Britain’s exit from the EU is far from certain at this point. Prime minister David Cameron announced his resignation, and his successor must choose whether to invoke Article 50, which will trigger the U.K.’s legal exit from the EU.
Until that happens, let’s deal with the real-life repercussions of Brexit. Chief among them are:
The falling pound
The value of Britain’s currency relative to others has sharply declined since Friday, changing the prices of players around the world and British clubs overnight.
Foreign investors could jump at the chance to buy into or take over British clubs, as the declining pound lowers their prices.
The same goes for the values of British-based players on the global transfer market. Clubs from the EU and beyond will discover British-based players now are cheaper than they were before the Brexit vote.
But don’t expect them to turn the buyer’s market that is British soccer, particularly in the Premier League, into a seller’s market any time soon. British players don’t often travel for work, as market forces and personal preferences often preclude the more adventurous ones from doing so.
If British-based players, who receive their wages in pounds, convert their money into other major currencies, they’ll lose some of it because of the pound’s fallen value.
Premier League teams have imported players from abroad en masse in recent years. That could slow, as the cheaper pound makes buying players from abroad more expensive than it was before.
A potential shift in immigration rules could have the biggest effect on British soccer. EU players currently are eligible to work in Britain without a permit, but that will change if the U.K. builds walls on its borders.
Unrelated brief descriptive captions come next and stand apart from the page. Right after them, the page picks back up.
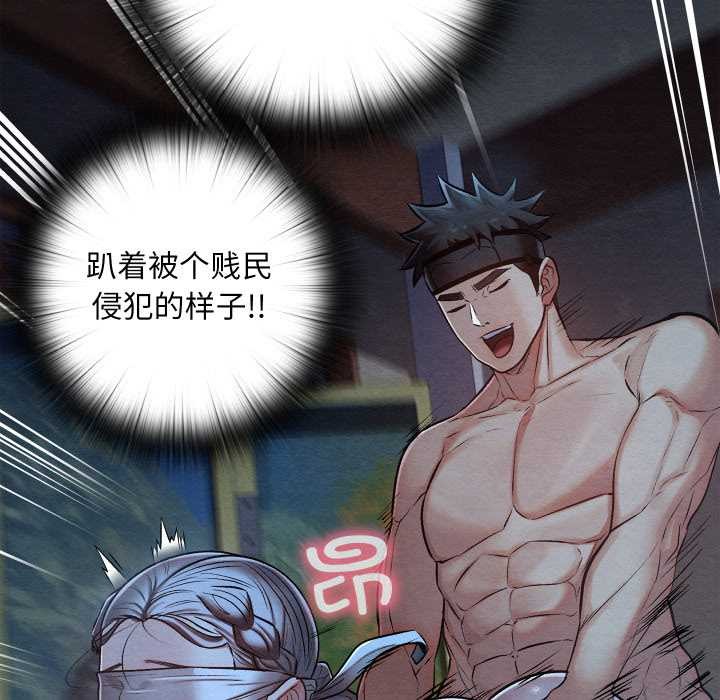 亲密宝鉴第44話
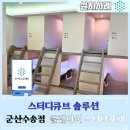 플랜아이스터디카페 이미지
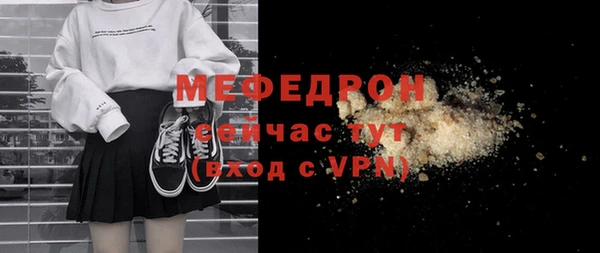 меф Кинешма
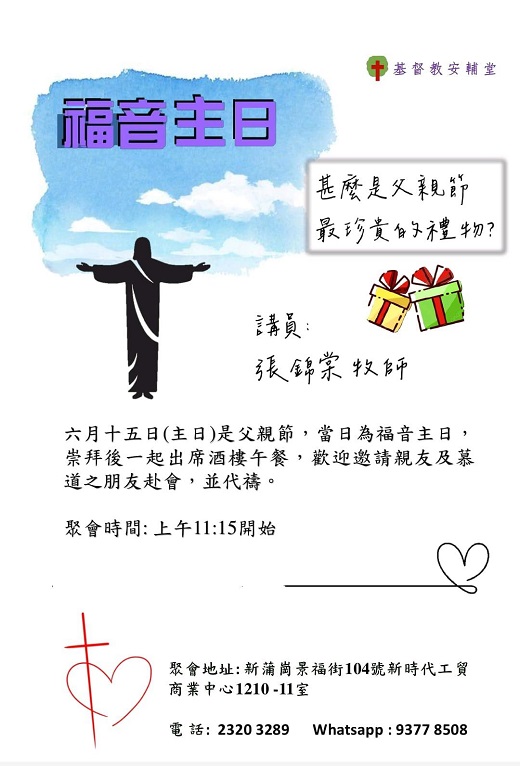 6月15日 父親節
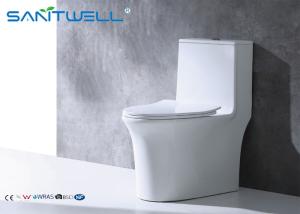 Wholesale Water closet set Single Piece Toilet , 1 piece round toilet Nano glazing from china suppliers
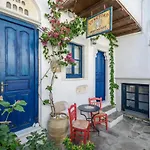Appartamento Venetiko *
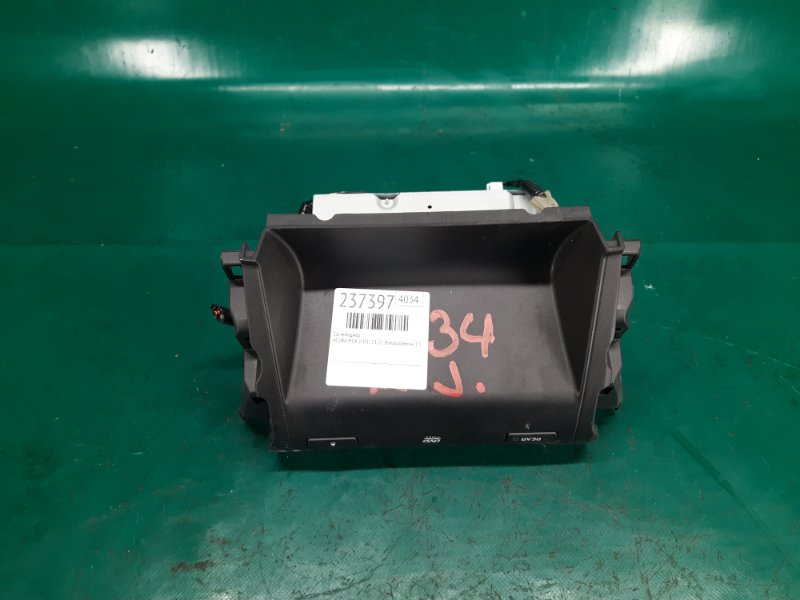 CD чейнджер задний MDX (YD3) 13-21 2014 Внедорожник 3.5 J35Y5 CD чейнджер задний MDX (YD3) 13-21 2014 Внедорожник 3.5 J35Y5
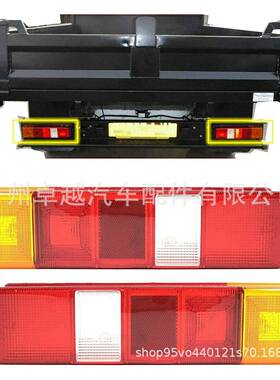 适用福特全顺尾灯罩全顺刹车灯罩92VB-13450-AA,86DB13445BA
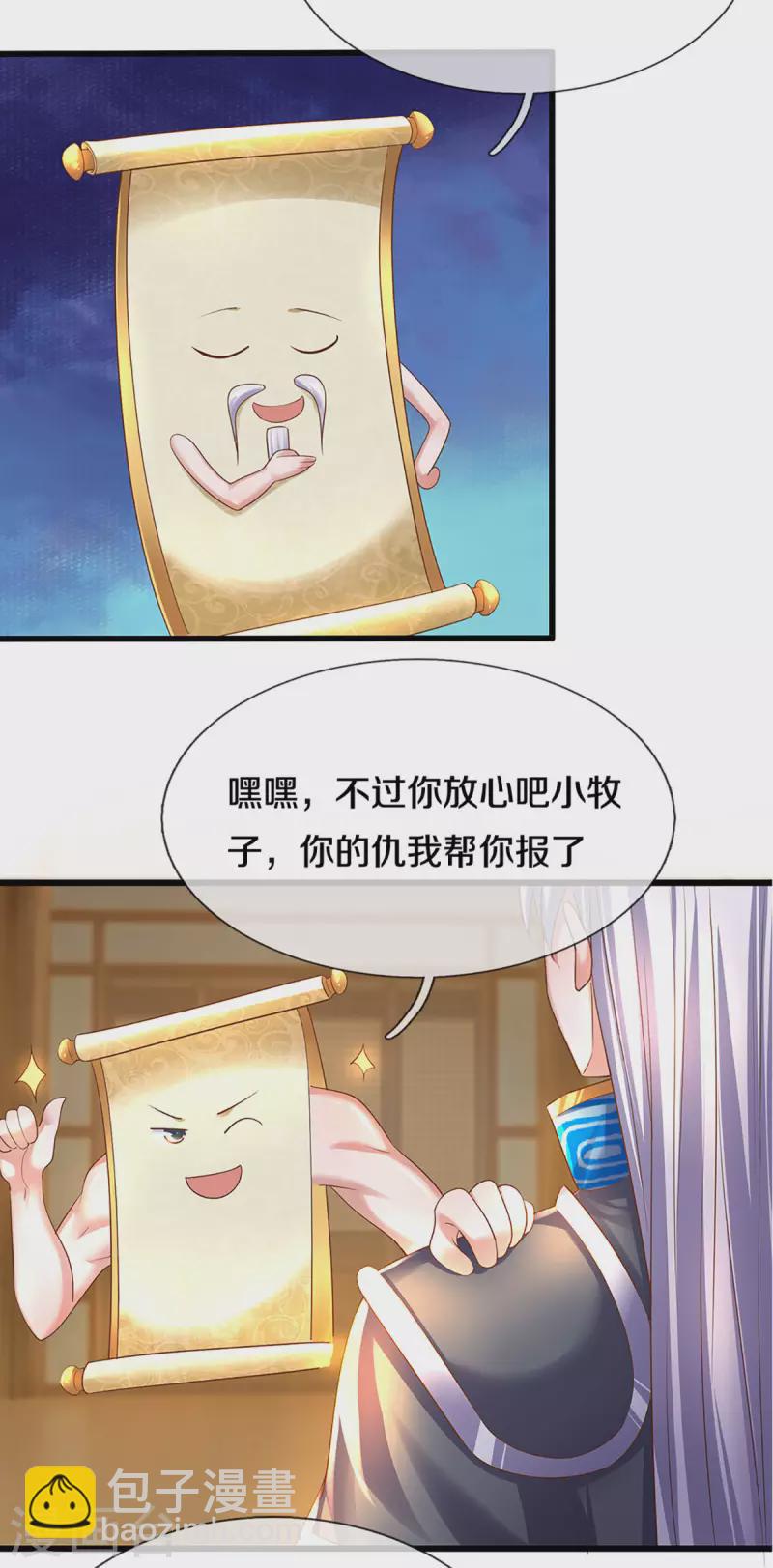 修罗剑尊韩漫全集-第226话 你是来搞笑的吗？无删减无遮挡章节图片 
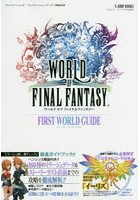 WORLD OF FINAL FANTASY FIRST WORLD GUIDE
EU players could be subject to the same restrictions non-EU players face, namely having to play a set percentage of games for their national teams in order to qualify for a work permit.
The trickle-down effect would be an increase in the number of domestic players and homegrown academy graduates at Premier League clubs. While the quality of the average player could dip, teams could improve through increased cohesion and higher spirit.
Of course, this all would be moot if Cameron’s successor or the British people walk back from their Brexit decision.